Ausschreitungen als Ablenkungsmanöver
Menderes wollte mit den angezettelten Ausschreitungen vom Scheitern seiner liberalen Wirtschaftspolitik ablenken. Am 7. September verhängte er auch sogleich den Ausnahmezustand. Aber dies allein erklärt die "türkische Bartholomäusnacht" (so der Autor und Augenzeuge Aziz Nesin) nicht.
"A few riots in Ankara would do us nicely!" ("Ein paar Unruhen in Ankara kämen uns gelegen") notierte bereits im September 1954 ein britischer Diplomat. Die Kolonialmacht Großbritannien wurde damals auf Zypern von der griechischen Widerstandsbewegung EOKA schwer bedrängt. London wünschte sich zur Entlastung ein Engagement der Türkei.

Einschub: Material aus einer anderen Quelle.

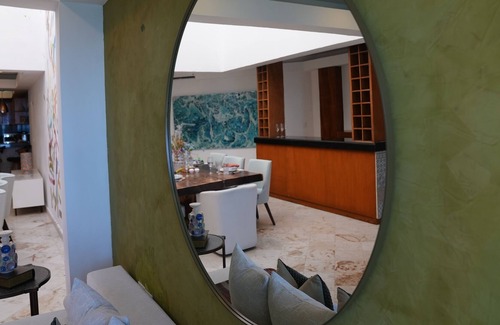 La Gloria Apartment | Deep Blue Luxury Apartments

Ankaras Außenminister Fuat Köprülü aber wollte davon nichts wissen. Zypern sei kein türkisches Thema, sagte er.
Doch der Beschwichtiger Köprülü, der 1960 gegen Menderes aussagte, wurde Ende Juli 1955 durch den Scharfmacher Fatin Rüstü Zorlu ersetzt. Der sicherte sich die Unterstützung des Nationalisten-Vereins Kibris Türk Cemiyeti ("Zypern ist türkisch") als Kern der Schlägertruppe.
So wurde die griechische Minderheit, die seit Byzanz am Bosporus überdauerte, 1955 erstmals zur Geisel des bis heute ungelösten Zypern-Konflikts. Die Mehrheit der 100.000 Istanbuler Griechen verließ die Stadt dann mit der nächsten Zypern-Krise 1964.